Look at Max Scherzer and Anibal Sanchez at the top of the list, a list without Justin Verlander--no wonder Baseball Prospectus has them with a 93.0% chance of making the playoffs--well, their pitching plus the fact they have 18 games left against the White Sox. Madison Bumgarner shows how excellent pitching gets you nowhere with no offense behind you, and has company with Gio Gonzalez in that regard. I wonder what the Vegas odds are on Cliff Lee being in a Phillie uniform come August 1st?

This chart shows those with the worst batting average against numbers:

For the Indians, if Scott Kazmir is the answer, I don't want to know the question--he's been out of the majors since 2011. It is possible to get a hit off Matt Harvey, just not if you're the White Sox. It's hard to believe that Zack Greinke actually has a win during a span in which his WHIP was 1.969, but that's baseball. 

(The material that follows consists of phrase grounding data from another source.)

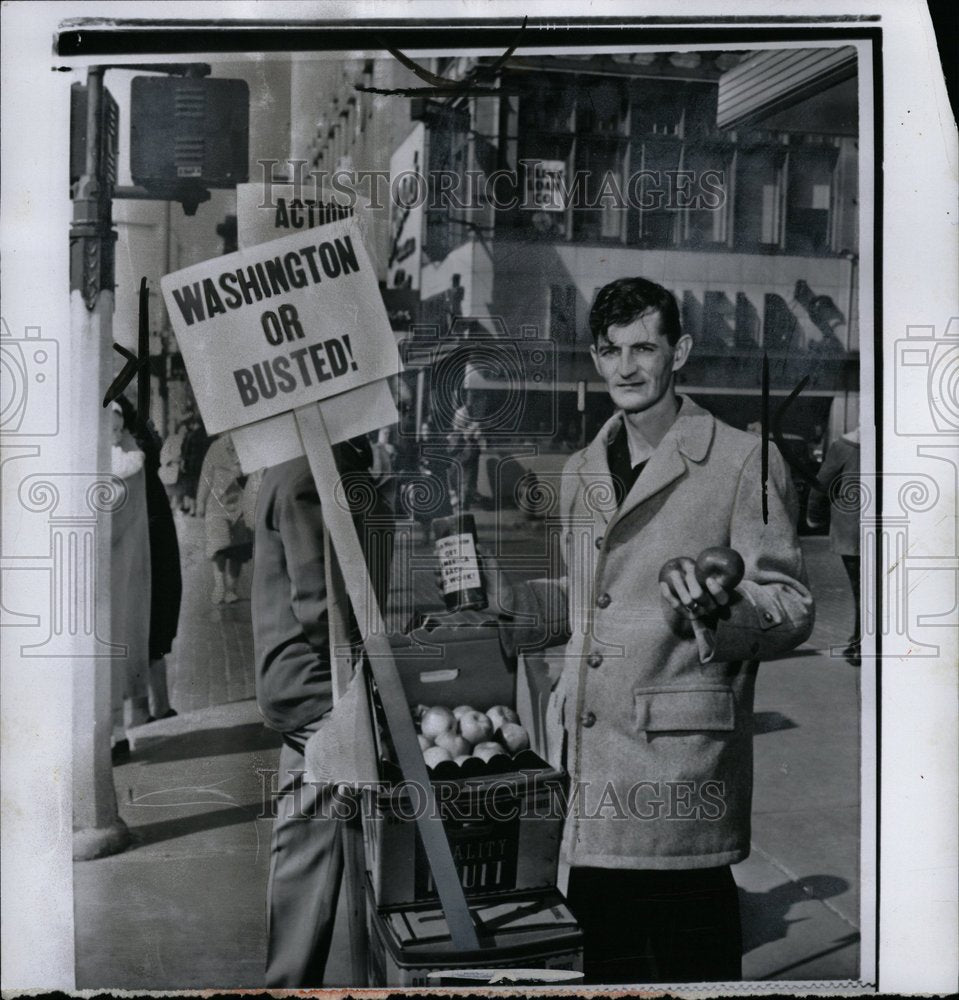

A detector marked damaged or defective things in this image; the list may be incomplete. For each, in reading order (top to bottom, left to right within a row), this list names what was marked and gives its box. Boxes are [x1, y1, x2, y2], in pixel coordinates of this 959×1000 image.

washington or busted sign [159, 217, 400, 436]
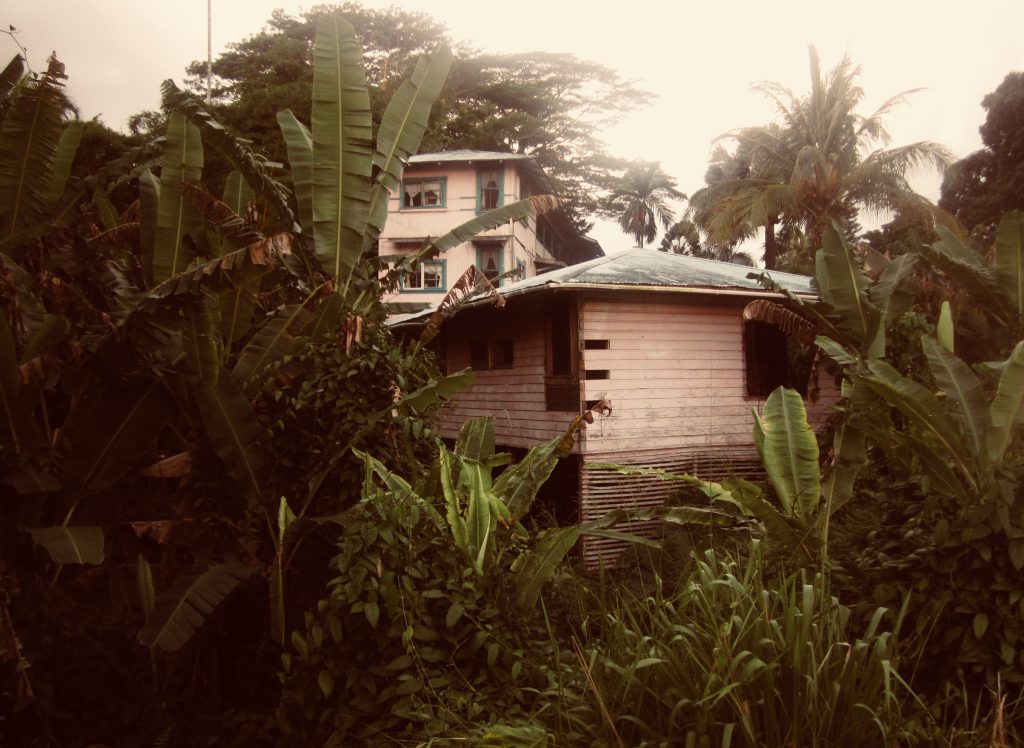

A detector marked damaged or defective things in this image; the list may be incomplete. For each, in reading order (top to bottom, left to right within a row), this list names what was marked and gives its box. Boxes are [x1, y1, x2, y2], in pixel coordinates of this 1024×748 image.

rusted roof [390, 248, 816, 328]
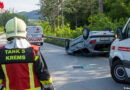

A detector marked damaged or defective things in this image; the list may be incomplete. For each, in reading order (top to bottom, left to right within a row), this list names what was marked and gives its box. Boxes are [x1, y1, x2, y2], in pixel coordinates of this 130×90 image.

overturned white car [65, 27, 115, 54]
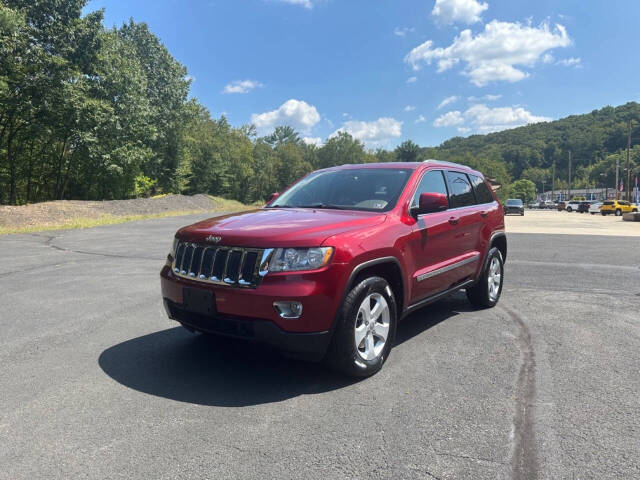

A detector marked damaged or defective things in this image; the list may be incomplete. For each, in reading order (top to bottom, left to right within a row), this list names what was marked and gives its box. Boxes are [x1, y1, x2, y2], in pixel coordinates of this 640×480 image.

cracked pavement [1, 215, 640, 480]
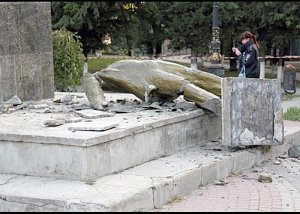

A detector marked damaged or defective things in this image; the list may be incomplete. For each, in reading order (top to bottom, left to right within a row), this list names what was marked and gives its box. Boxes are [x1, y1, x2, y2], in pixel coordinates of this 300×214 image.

damaged stonework [223, 77, 284, 146]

One last chart--batting average against by anyone with a save in this time span:

I left the ERA in just for fun. That Joe Nathan number  is just ridiculous--shoot, all of these are. Jose Veras shows that giving up few hits isn't as important as making sure those hits aren't home runs, and Aroldis Chapman continues his nasty streak of unhittable pitching. This is where batting has gone in the past 40 years--into the arms, as it were, of fresh pitchers with motions that haven't been seen in two or three prior at-bats. Strong pitching at the end of the rotation is important--the real question going forward is will teams be willing to pay for it.

That's enough for now, it's just a peak into some of the season stats and how they stack up to recent play--in other words, is a player ascending, descending or right where he belongs? It's always a moving target.